◆ What you have to do
Find the line with "Image similar to" in the data below. Repeat it and every line after it exactly, but not the pictures.
+++ Provided data +++
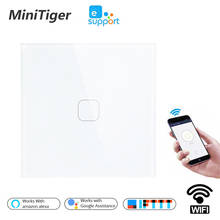 Interruptor de pared inteligente para el hogar, luz táctil de pared con WiFi, 1 entrada y 1 vía, para Google Home, Amazon, Alexa y Control por voz, Tuya/Smart Life/ewelink 2024 - compra barato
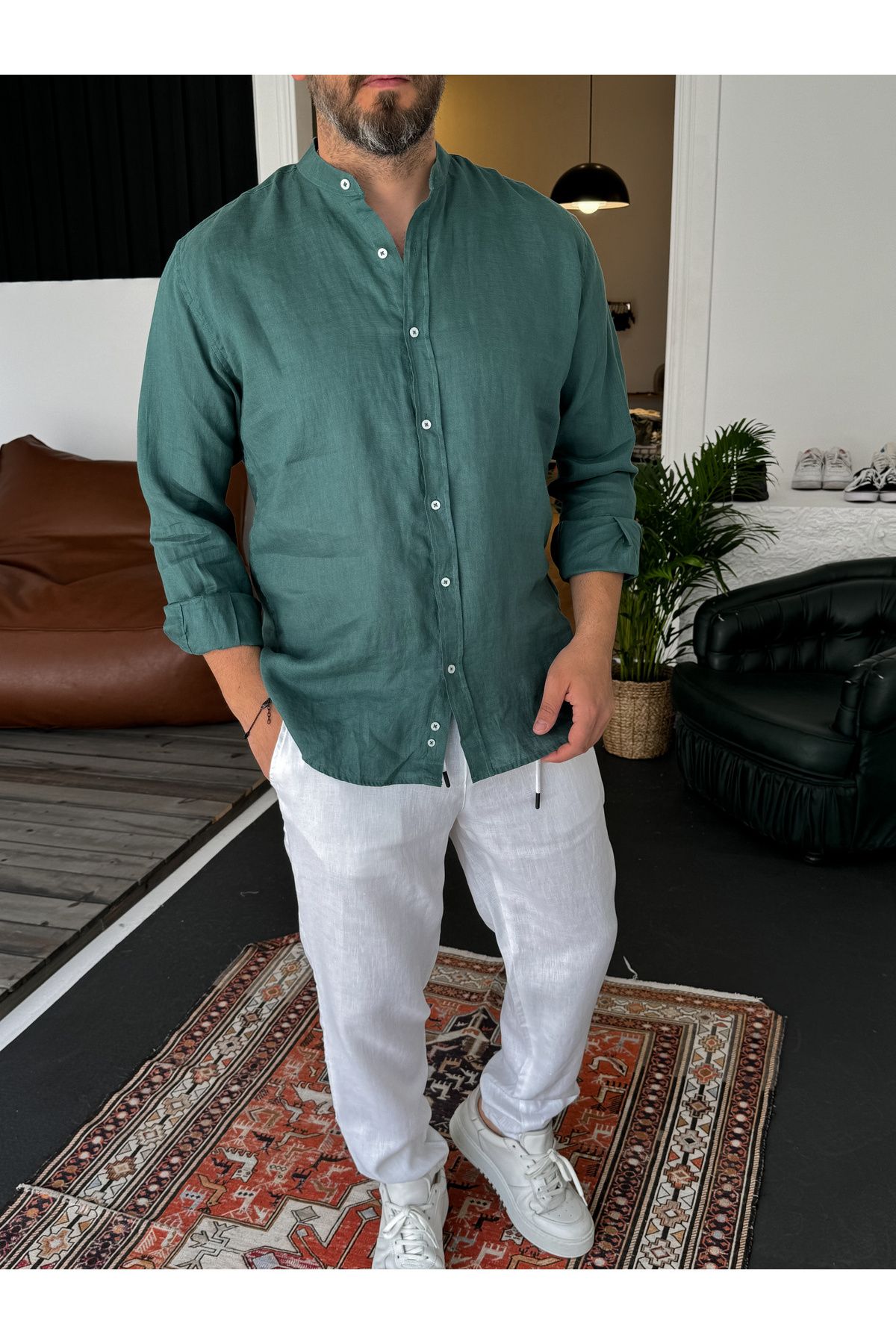 BYBASICMAN-Dark Green Judge Collar Raw Linen Shirt G-5252 1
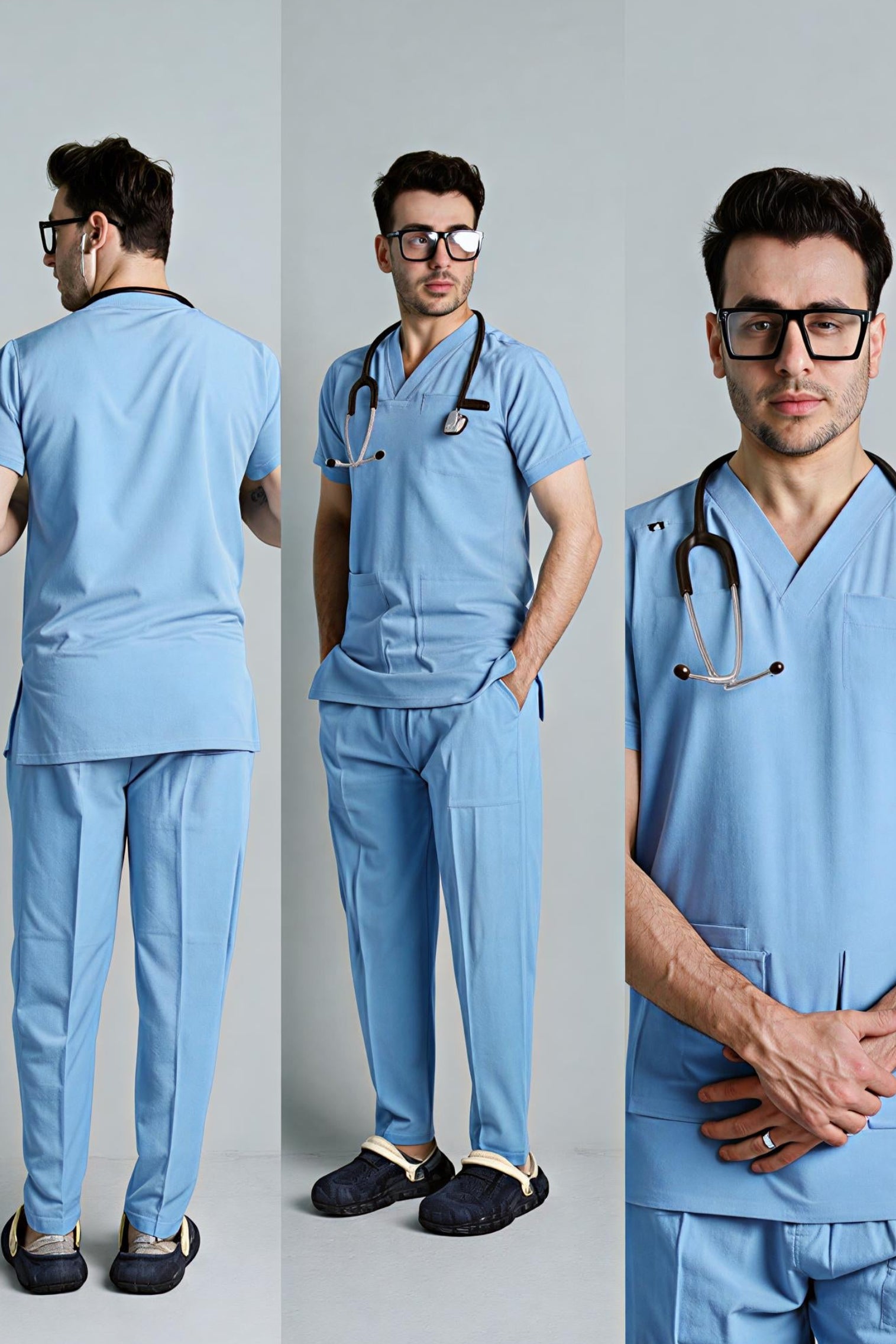 Man modeling sky blue medical scrubs from different angles on a gray background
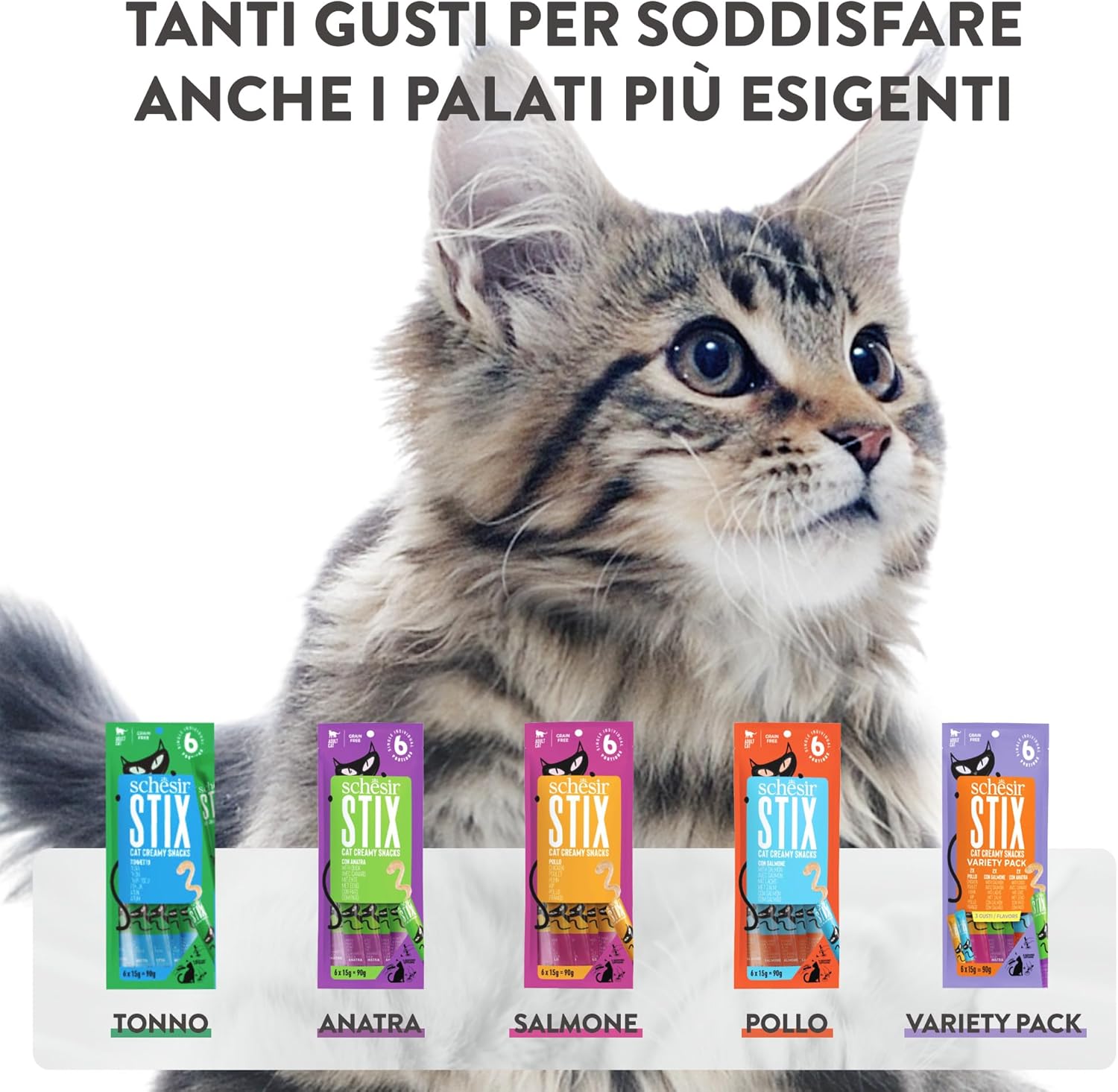 Schesir Stix Yetişkin Kedi Krema Ödül, 6 lı Paket, 15g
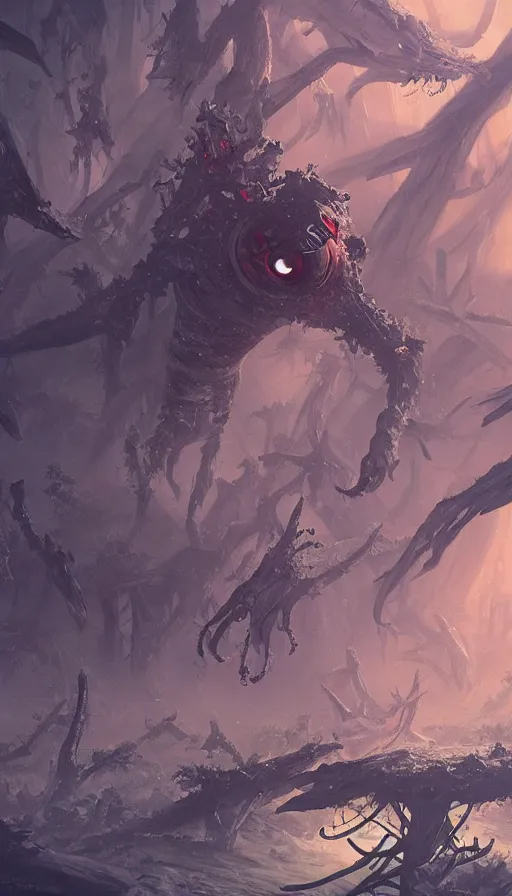 Image similar to astronaut exploring a storm vortex made of many demonic eyes and claws over a forest, by blizzard concept artists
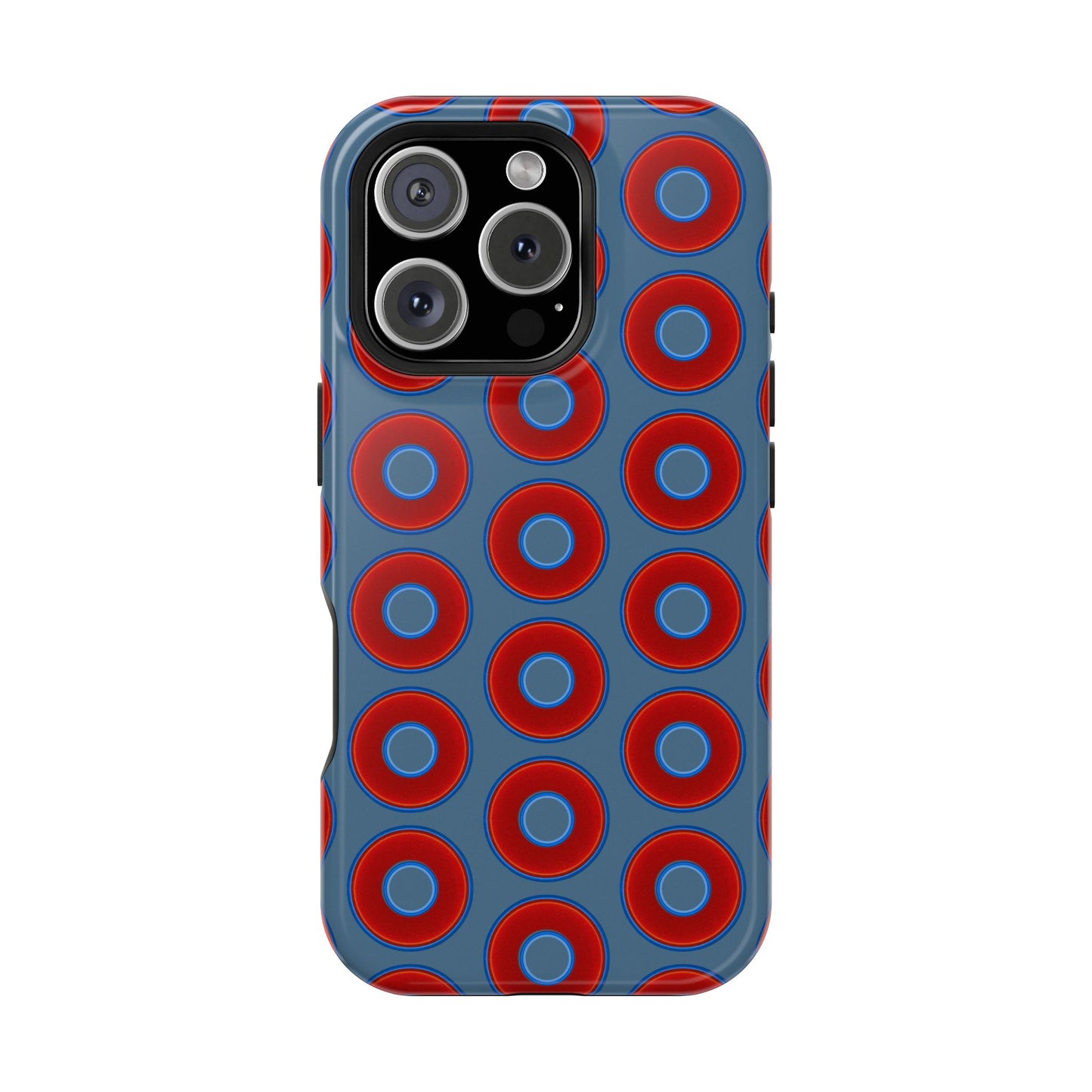 Impact-Resistant Lumpy Donut Case - red vivid donut print w/steel blue background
+++
◆ Solution to the problem
 Image similar to astronaut exploring a storm vortex made of many demonic eyes and claws over a forest, by blizzard concept artists
 Impact-Resistant Lumpy Donut Case - red vivid donut print w/steel blue background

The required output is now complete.